This technology relies on passive RFID chips, which will be installed in the 12 edges of the cube(9 at least), and since the chips are passive, you don't need to charge the cube at all, it's just like a regular cube.

For anyone who wants to recommend alternatives, make sure the technology uses passive chips(if not,totally fine, the only limit is no battery) and has a HUGE signal strength gradient over a small distance. The bigger the gradient is, the better.

Current Design
This design is straightforward and should have a high success rate, but has the down side of squeezing your turning space into a box, and the box is harder to carry around. This particular design only works for 3x3.
box design.png
We have a box surrounding the cube, as shown in the picture, with the small spheres representing the 8 RFID emitters/receivers. Now, since the signal strength from the emitters will decrease when the distance between it and the chips increases(signal strength is inversely proportional to distance squared), we need each chip to return two key information to the receiver: the chip's ID number and the signal strength it gets from each particular emitter.

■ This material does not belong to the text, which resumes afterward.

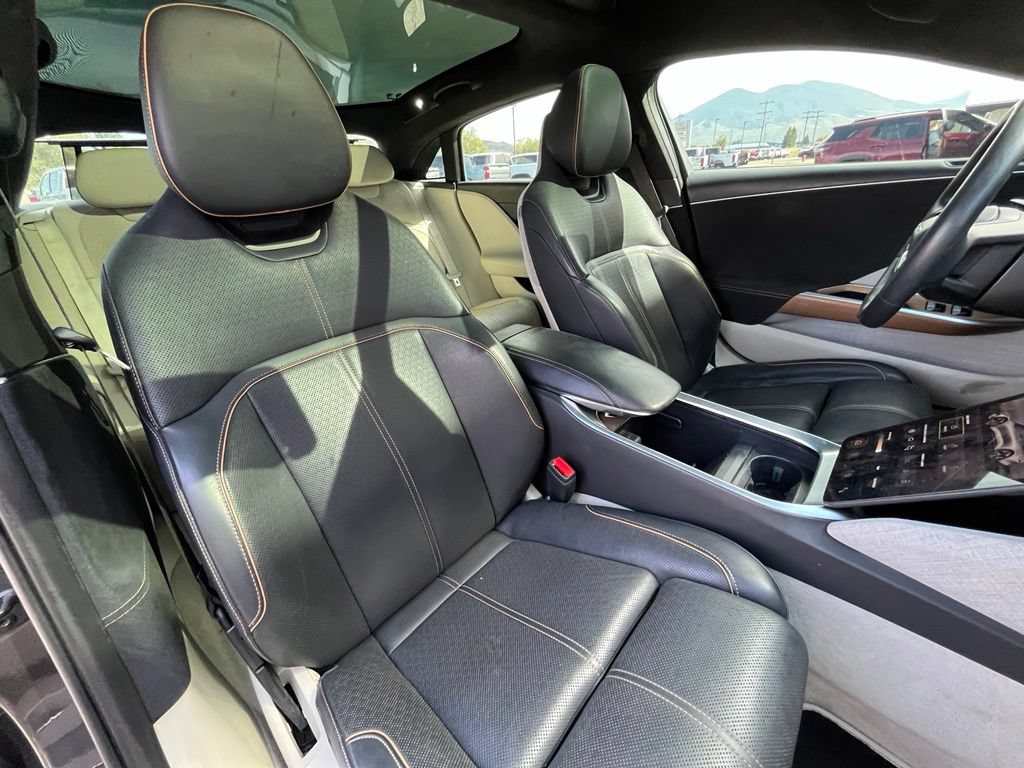 Used 2022 Lucid Air Grand Touring AWD/4WD image 16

Let's consider only one chip for now. In total, each of the 8 receivers will get a value from the chip of it's own signal strength THAT IS DETECTED BY THE CHIP, in these eight values, there will be two value that are the highest(strongest signal), which will be the two closest to the edge, as shown in the picture, thus we can know where the edge is. (In the picture, the blue edge is closest to the two blue receivers and red edge closest to the red receivers, so the chip will detect the strongest signal from them)
box design 2.png
The same process is repeated on each of the 12 chips for every couple of milliseconds. When the cube turns, these values change, and by calculating these changes, we can locate each and every edge's movement, thus detecting the turns. 9 is the smallest amount of edge needed to have chips in them because for every move you make, at least one edge with a chip needs to be in that layer for the turn to be detected.(Tell me if I need to explain in detail)

Please post your thoughts about this below! Any technical thoughts(help!), usability problems and also, constructive criticism are very welcomed.
#This is still in prototype stage. Don't put too much hope on it#


This prototype is a smart 2x2 system that can be installed on ANY 2X2!! It is also super cheap(~$20)

(Simplified)Appearance:
overall look.png
The most important piece of technology in this prototype are Hall sensors: They are sensors that can sense changes in the magnetic field. On a L-shaped frame, there are 8 hall sensors arranged like this:

hall sensor pos.png
And the 2x2 will embedded with 24 magnets on every piece facing outward, like this(1 of the magnets):

magnet pos.png
The idea is simple: when you turn the cube, at least 2 of the 8 hall sensors will detect a difference in the magnetic field, thus we can detect turns.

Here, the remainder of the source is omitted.